Toch wil Pieter niet zwart wit denken en het als een generatieconflict zien. “Misschien is het niet eens hun schuld,” overweegt hij.

“Misschien leren ze het gewoon niet meer. Op scholen wordt er anders gesproken, en thuis gaat het vaak ook losser aan toe. Maar ja, dat maakt het voor mensen zoals ik niet makkelijker.”

Pieter besloot de jongen in de supermarkt enkele bezoeken later toch eens aan te spreken. “Ik heb die jongen vriendelijk gevraagd waarom hij me met ‘jij’ aansprak,” vertelt hij.
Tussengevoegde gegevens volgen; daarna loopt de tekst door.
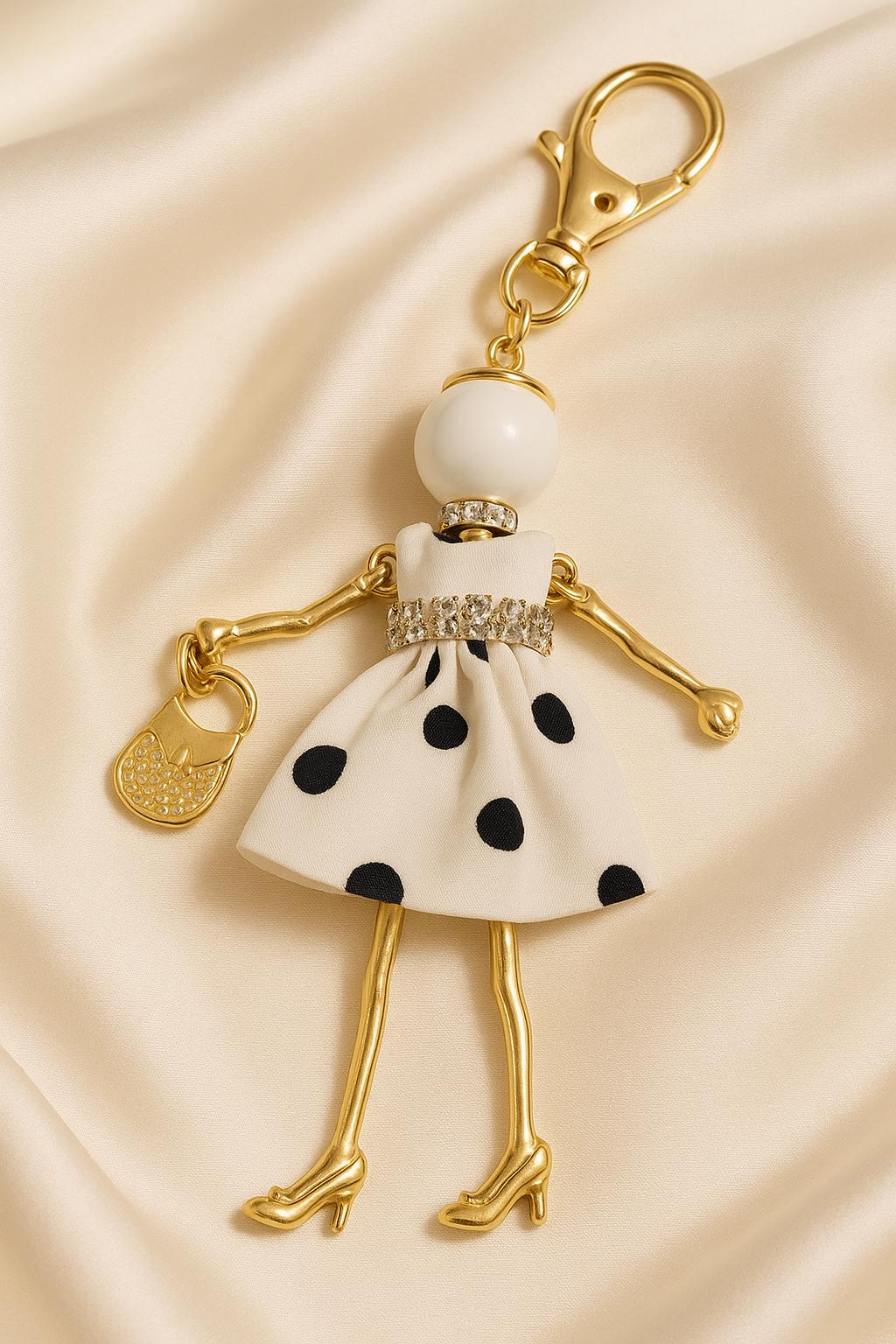 Fashion Doll Keychain – Chic Charm with Gold Details & Polka Dot Dress | Perfect Bag Accessory or Gift for Her, Charm, Jewellery.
“Hij keek me aan alsof ik een alien was. ‘Dat zeg ik toch tegen iedereen,’ antwoordde hij.” Pieter zucht. “Ik weet dat hij het niet verkeerd bedoelde, maar het voelde toch respectloos.”

Hij wil benadrukken dat hij niet boos is op jongeren. “Ik snap dat ze opgroeien in een andere tijd, en dat ze andere normen hebben meegekregen.”

”Maar ik hoop dat er toch weer meer aandacht komt voor beleefdheid. Niet alleen voor ouderen, maar voor iedereen. Het zou de wereld toch een stuk vriendelijker maken.”

Pieter besluit positief te blijven. “Misschien moeten wij ouderen ook wat meer geduld hebben. In plaats van meteen boos te worden, kunnen we uitleggen waarom het voor ons belangrijk is om met ‘u’ aangesproken te worden.

”Wie weet leren ze er iets van.” Verwachtingen bij stellen vindt hij echter wel lastig. “Soms wil je gewoon dat dingen blijven zoals ze waren.”

“Ik hoop dat we weer meer naar elkaar gaan luisteren en elkaars normen en waarden respecteren. Dat is wat echt telt, niet hoe oud je bent of hoe je iemand aanspreekt.”

”Maar een beetje beleefdheid kan geen kwaad.” Knipogend voegt hij eraan toe: “En zeg maar gewoon ‘u’ tegen mij, dat voelt toch net even beter.”